Beirut: A convoy of Daesh fighters and their families being evacuated into militant territory in east Syria remained in government-held areas of Syria on Friday, US-led forces said.

“It has not managed to link up with any other Daesh elements in eastern Syria,” said Colonel Ryan Dillon, spokesman for the US-led coalition fighting the Daesh.

There are about 300 fighters and about 300 civilians in the convoy, which the Syrian army and Lebanon’s Hezbollah group granted safe passage after the militants surrendered their enclave on Syria’s border with Lebanon.

But the coalition against Daesh has used air strikes to block the convoy from crossing into the group’s main territory straddling Syria’s eastern border with Iraq.

The Daesh fighters in the border pocket accepted a truce and evacuation deal after simultaneous but separate offensives by the Lebanese army on one front and the Syrian army and Hezbollah on the other.

It angered both the coalition, which does not want the fighters bussed to a battlefront in which it is active, and Iraq, which is fighting Daesh across the border.

“We are continuing to monitor that convoy and will continue to disrupt its movement east to link up with any other Daesh element and we will continue to strike any other Daesh element that try to move towards it,” Dillon said.

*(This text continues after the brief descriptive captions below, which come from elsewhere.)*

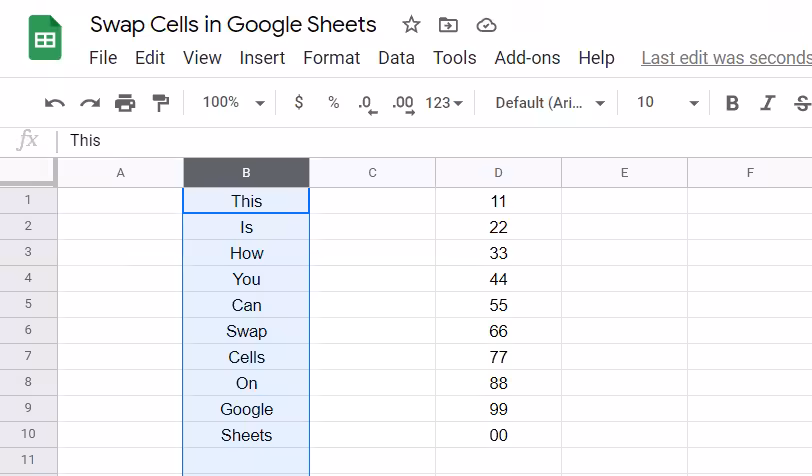 Swap Cells in Google Sheets Step A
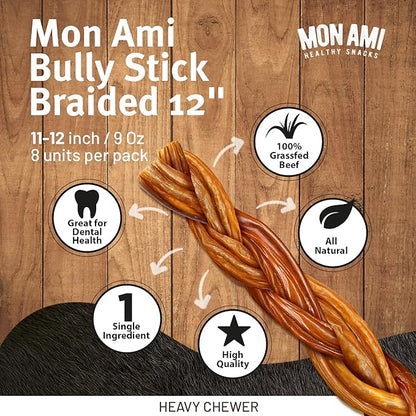 Mon Ami Braided Bully Sticks for Large and Small Dogs (11-12 inches, Pack of 8) - Made from Grass Fed Beef Dog Treats - Natural Bully Sticks - Grain Free & High Protein Dog Snack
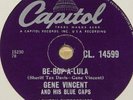 GENE VINCENT   BE-BOP-A-LULA   RARE UK 78 RPM RECORD   ROCK 'N' ROLL ROCKABILLY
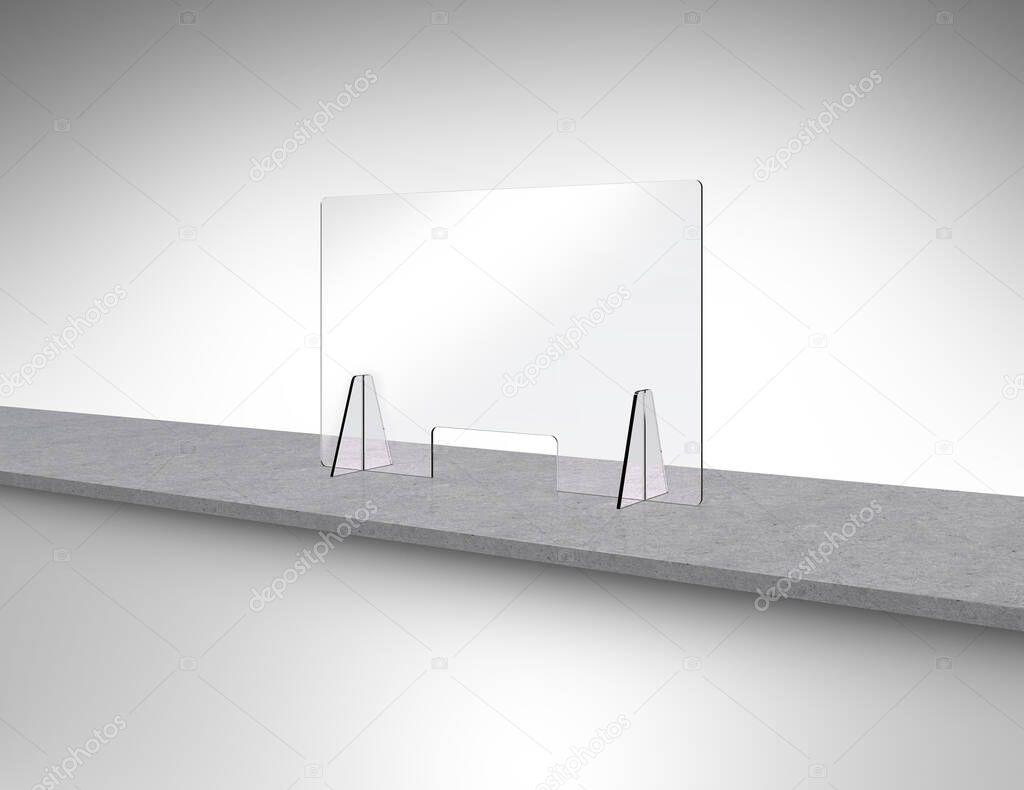 3D rendering of acrylic glass pane for protection against corona viruses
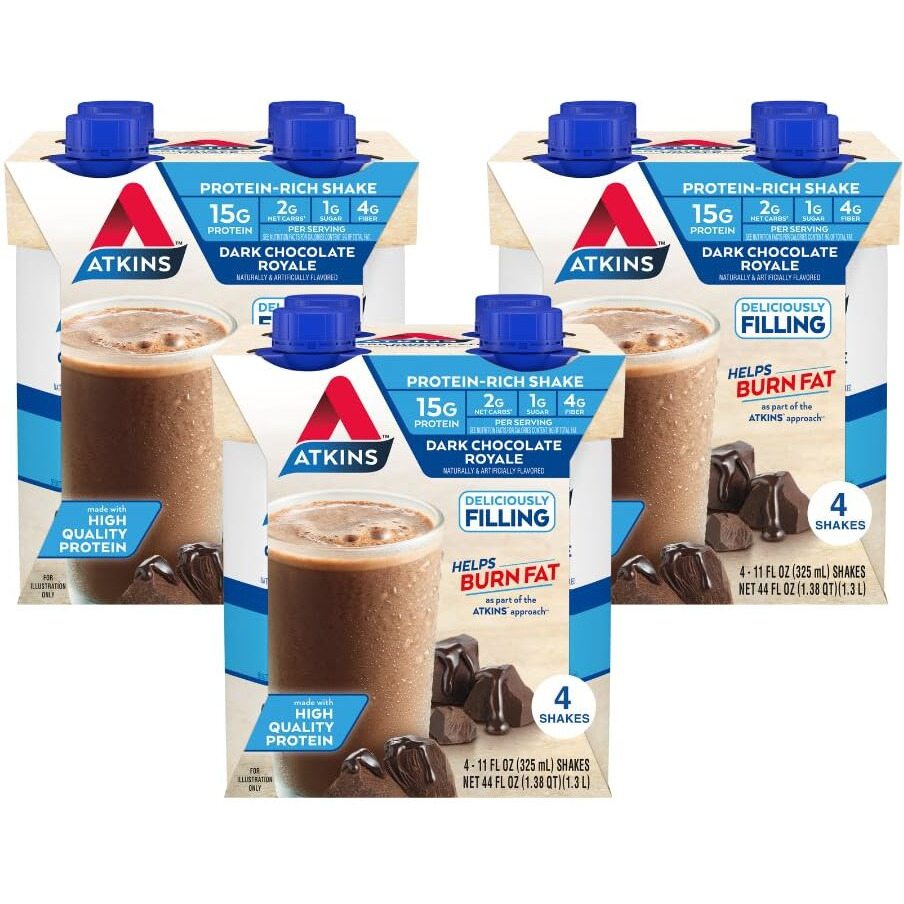 Atkins Dark Chocolate Royale Protein Shake, 15G Protein, Low Glycemic, 2G Net Carb, 1G Sugar, Keto Friendly, 12 Count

The coalition has asked Russia to tell the Syrian government that it will not allow the convoy to move further east to the Iraqi border, the coalition said in a statement.

Syrian President Bashar Al Assad gave prayers on Friday for the Eid Al Adha festival in the town of Qara, near the enclave surrendered on Monday by the Daesh fighters.

Confined to Damascus for long periods in the early part of Syria’s six-year civil war, Al Assad has grown more confident in travelling around government-held areas as the army and its allies have won a series of victories.

Al Assad was shown on state television standing and kneeling on a green carpet in a packed mosque alongside Syrian religious leaders as he followed the imam giving prayers.

The departure of Daesh and other groups from the Western Qalamoun district means the border with Lebanon is Syria’s first to be controlled entirely by its army since early in the conflict.

Qara is only a few miles from the mountains delineating the frontier with Lebanon, in which Daesh and other militant groups held territory until August.

Part of an agreed exchange under the truce went ahead on Thursday as wounded Daesh fighters were swapped for the bodies of pro-government forces. But the fate of the main part of the convoy is uncertain.

“It was moving this morning and then they had stopped. ... I don’t know if they stopped for a break or were trying to figure out what to do,” Dillon said.

The frontline between Syrian government forces and Daesh in eastern Syria is active, as the army, aided by Russian jets and Iran-backed Shiite militias, presses an offensive to relieve its besieged enclave at Deir Al Zor.

On Friday, a Syrian military source said the army and its allies had made an advance against Daesh in that area and had also taken several villages in a militant enclave in central Syria.